Kata salaf dalam hadits ini
adalah semata-mata artinya pendahulu bukan menerangkan adanya istilah “manhaj
salaf” ataupun “mazhab salaf”. Para Imam Lima Mazhab (Ja’fari, Hanafi, Maliki,
Syafi’i, dan Hanbali) yang merupakan pemimpin ijtihad kaum muslim karena telah
diakui berkompetensi sebagai Imam Mujtahid Mutlak dan bertalaqqi (mengaji)
langsung dengan Salaf yang Sholeh tidak pernah menyampaikan adanya manhaj salaf
atau mazhab salaf.
Imam Nawawi dalam Majmu’ Syarah
al-Muhadzdzab berkata “dan tidak boleh bagi orang awam bermazhab dengan mazhab
salah seorang daripada imam-imam di kalangan para Sahabat radhiallahu ‘anhum
dan selain mereka daripada generasi awal, walaupun mereka lebih alim dan lebih
tinggi darajatnya dibandingkan dengan (ulama’) selepas mereka, hal ini karena
mereka tidak meluangkan masa sepenuhnya untuk mengarang (menyusun) ilmu dan
meletakkan prinsip-prinsip asas/dasar dan furu’/cabangnya. Tidak ada salah
seorang daripada mereka (para sahabat) sebuah mazhab yang dianalisa dan diakui.
Sedangkan para ulama yang datang setelah mereka (para sahabat) merupakan
pendukung mazhab para Sahabat dan Tabi’in dan kemudian melakukan usaha
meletakkan hukum-hukum sebelum berlakunya perkara tersebut; dan bangkit
menerangkan prinsip-prinsip asas/dasar dan furu’/cabang ilmu seperti (Imam)

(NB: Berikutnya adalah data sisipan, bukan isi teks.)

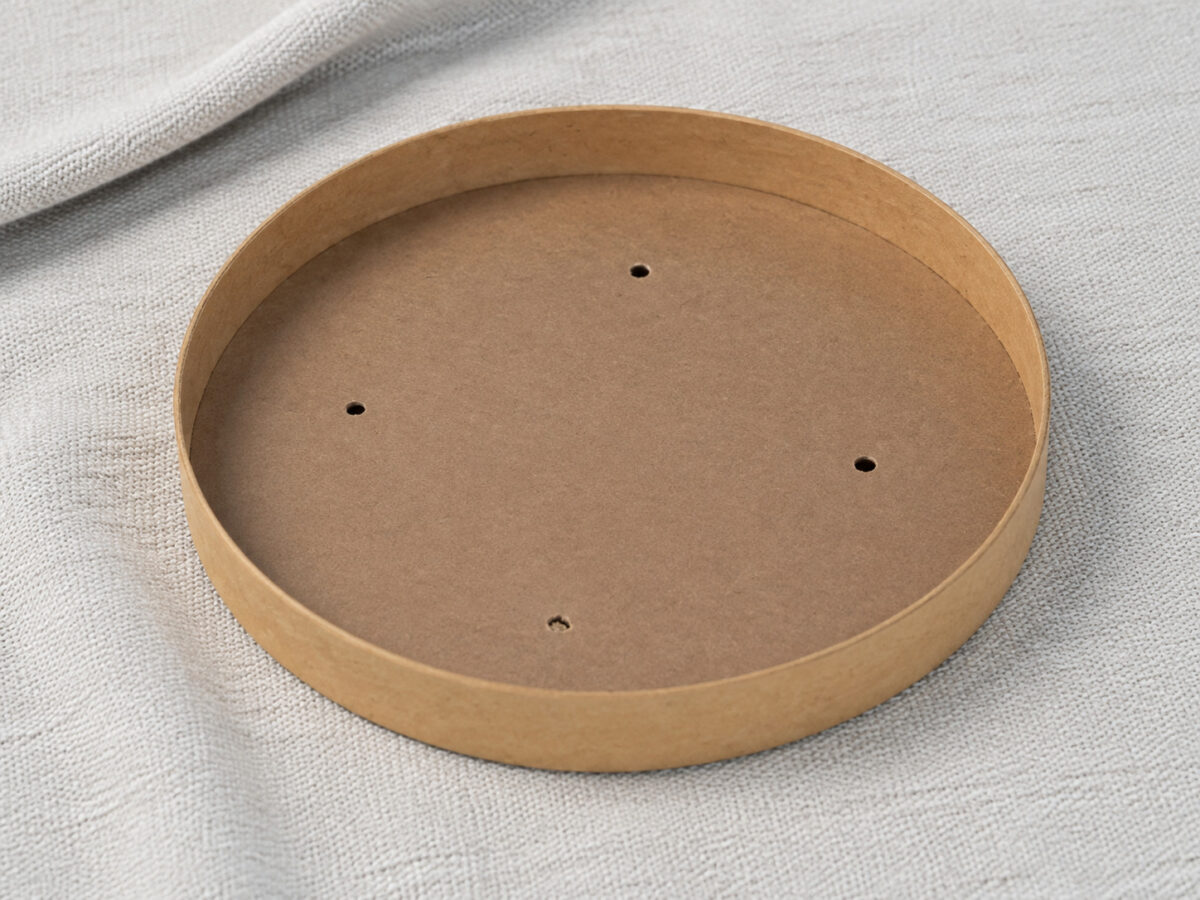 Inside of a kraft paper lid with four small ventilation holes on gray woven linen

Malik dan (Imam) Abu Hanifah dan selain dari mereka berdua.”
Prof. Dr. Muhammad Sa’id
Ramadhan Al-Buthi, yang wafat dan syahid karena dibunuh kelompok teroris Wahabi
di Suriah itu, dalam As-Salafiyyah: Marhalah Zamaniyyah Mubarakah, La Mazhab
Islami yang sudah diterbitkan dalam bahasa Indonesia oleh penerbit Gema Insani
Press menjelaskan bahawasanya, “istilah salaf itu bukanlah suatu mazhab dalam
Islam, sebagaimana yang dianggap oleh sebagian mereka yang mengaku sebagai
salafi, tetapi istilah salaf itu sendiri merujuk kepada suatu zaman awal umat
Islam“.
Mereka termakan hasutan atau
ghazwul fikri (perang pemahaman) yang dilancarkan oleh kaum Zionisme dengan periodisasi
salaf dan khalaf yang bertujuan agar umat Islam tidak mengikuti para ulama yang
sholeh yang mengikuti salah satu dari Imam Mazhab yang lima seperti yang telah
disebutkan dan tentunya termasuk ulama khalaf karena mereka hidup setelah
generasi Salafush Sholeh sampai akhir zaman.